Sustainable Artistry Blooms in Kawartha

April 16, 2024

By Warren Frank

The story can come across as pretty bleak if you’re not paying close attention. Consumers are caught on a tightrope between convenience and sustainability amid the ever-scrolling blue-light buzz that permeates the market in 2024. Daunting yes, but a close look at one’s own community often points to a treasure trove of sustainable artists. In Ontario’s City of Kawartha Lakes and Peterborough, shoppers can find loads of creators to help stock their cupboards, wardrobes, and minds, all the while decreasing their environmental footprint.

Creators like Nathan Truax, a leatherworker and the proprietor of Truax Leather Co., who specializes in Western-style tooling and carving, finds sustainability can be a pillar of one’s practice if production is kept close to the roots of the craft.

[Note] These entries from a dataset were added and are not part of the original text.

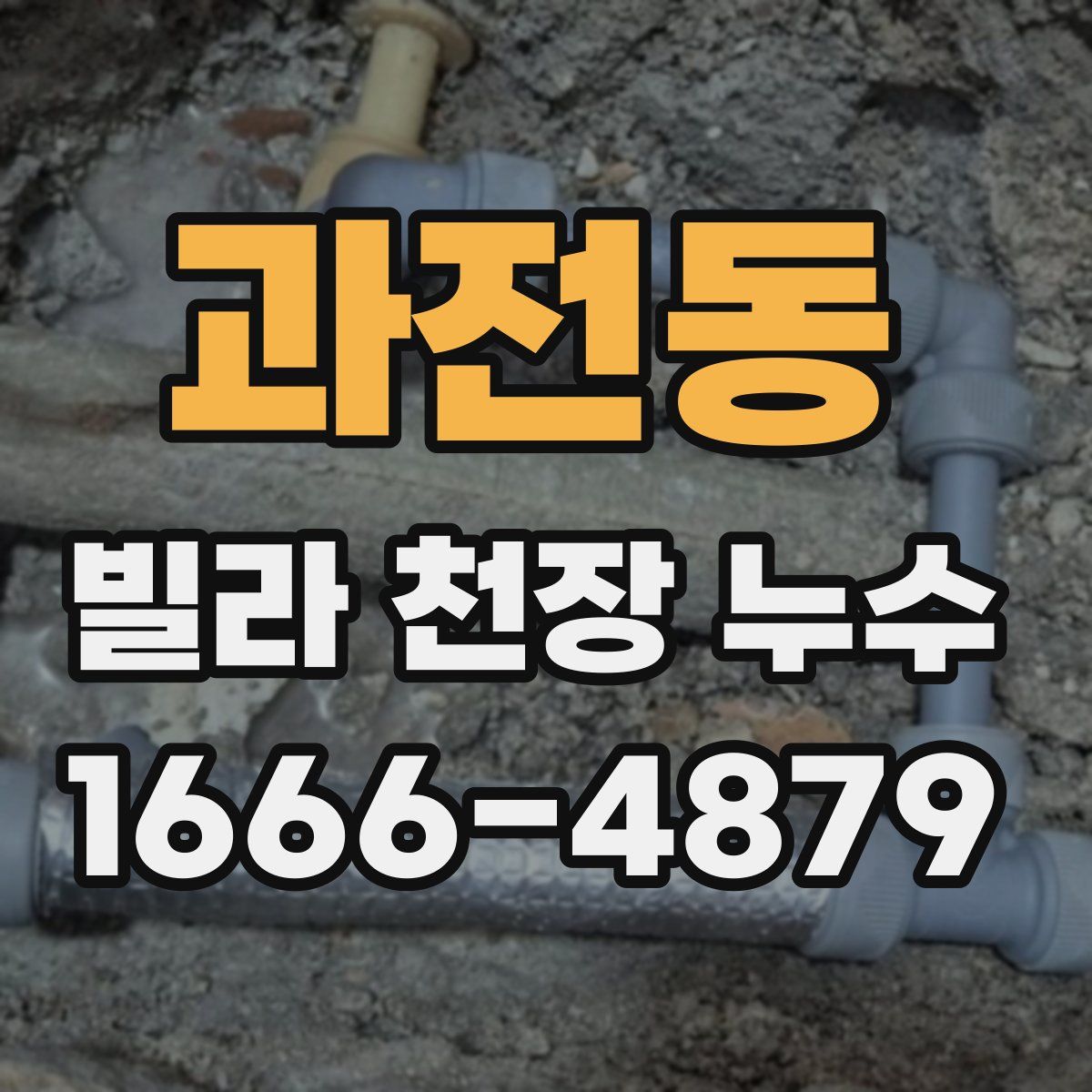 과전동 빌라 천장 누수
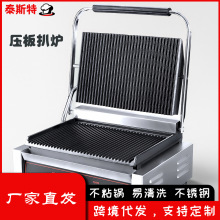 电热全坑压板扒炉商用煎肉机汉堡煎牛排批发单板三文治铁板烧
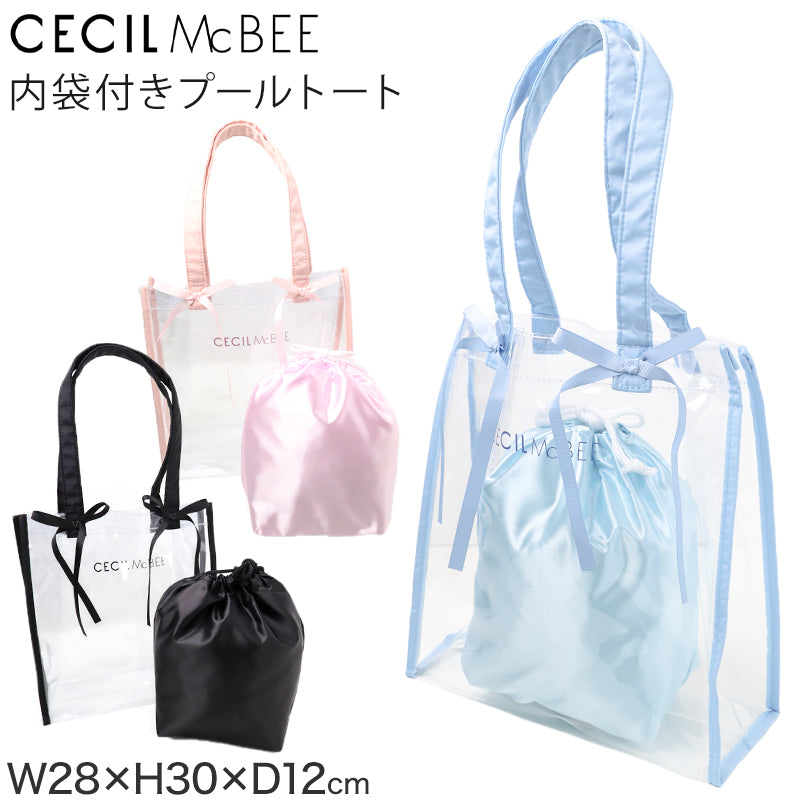 プールバッグ キッズ 女の子 トートバッグ CECIL McBEE セシルマクビー 内袋付き ビニールバッグ 水泳バッグ スイムバッグ ガールズ 子供用 ポリエステル 塩化ビニル樹脂 ブラック ピンク サックス W28×H30×D12 学校用 プール 海 水遊び 夏用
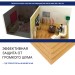 Хвойная изоляция Мастер 10 мм ПРО 1200х600х10 мм (7,2м2) купить в Ярославле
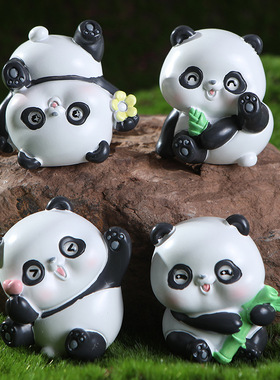 熊猫周边办公室桌面摇头摆件女生工位解压治愈情绪稳定神器小礼物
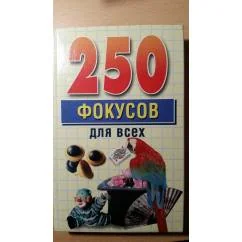 Обложка книги «250 фокусов для всех»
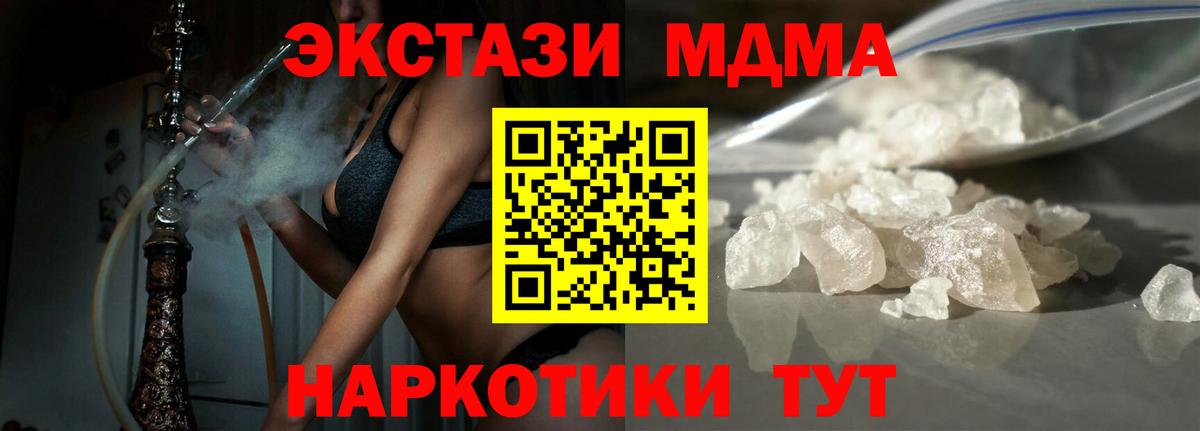 MDMA Molly  МДМА кристаллы  Вход с VPN  Лабинск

A tan leather guitar strap lays atop a spread of printed designs.
Guitar strap by Truax Leather Co.

Photos courtesy of Nathan Truax

“Sustainability is built into this medium,” says Truax. “High-quality, handmade leather items significantly outlast their often plastic counterparts. Creating items that have the potential to last decades if treated right reduces the need to replace lower-quality items that wear much faster.”

Truax began analyzing the sustainability focus of his practice after “a recent experience, where my partner purchased a second-hand purse only for it to fall apart in what seemed like weeks; [it] made me rethink the power I have in creating items that can last for many years.”

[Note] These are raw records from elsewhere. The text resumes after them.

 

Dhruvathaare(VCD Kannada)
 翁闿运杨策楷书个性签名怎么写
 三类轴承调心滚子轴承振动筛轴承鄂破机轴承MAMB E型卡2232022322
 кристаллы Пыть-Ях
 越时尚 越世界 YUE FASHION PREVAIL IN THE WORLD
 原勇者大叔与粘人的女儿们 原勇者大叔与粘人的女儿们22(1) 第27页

Add to this the heartwarming factor that longevity can increase nostalgic sentiment and you’ve got a real bang for your buck. “Customers often mention how they love the idea that these pieces can become heirloom-like, with the ability to be passed down to the next generation,” says Truax.

Also finding sustainable strength in the classics is On Point Pottery’s Elise Karklins, whose practice incorporates a mixture of wheel-throwing, handbuilding, and casting using stoneware.

Left: Courtesy of Katrina Thorne.
Right: Courtesy of Elise Karklins.

Karklins notes how pottery centres around sustainability from the ground up, stating, “ceramics are made from renewable sources like clay, which makes them sustainable before the firing process begins.” This helps consumers avoid the use of microplastics. Aside from material sustainability, Karklins reuses vintage molds for casting ceramics instead of producing new ones.

Combining agricultural practices with modern digital storytelling is Lindsay’s Kawartha Backyard Farms, helmed by E Kelly who, above all, “hopes that we can create a better world for all Earthlings.”

Photos courtesy of Elise Karklins

Kawartha Backyard Farms is a community food security project that is focused on the process of growing food within living spaces. They aim to “blend the art of gardening with the science of food production while also sneaking in some health promotion as well.” Kelly encourages consumers by saying that “just growing food at home is a great way to promote financial sustainability as the overall cost to produce food is drastically lower than the cost of the same produce at grocery stores.”

The practices of these folks only begin to scratch the surface of what is available for those willing to listen, search, and learn. Community creators are out there and they are making an impact. By showing them support, you can make one too.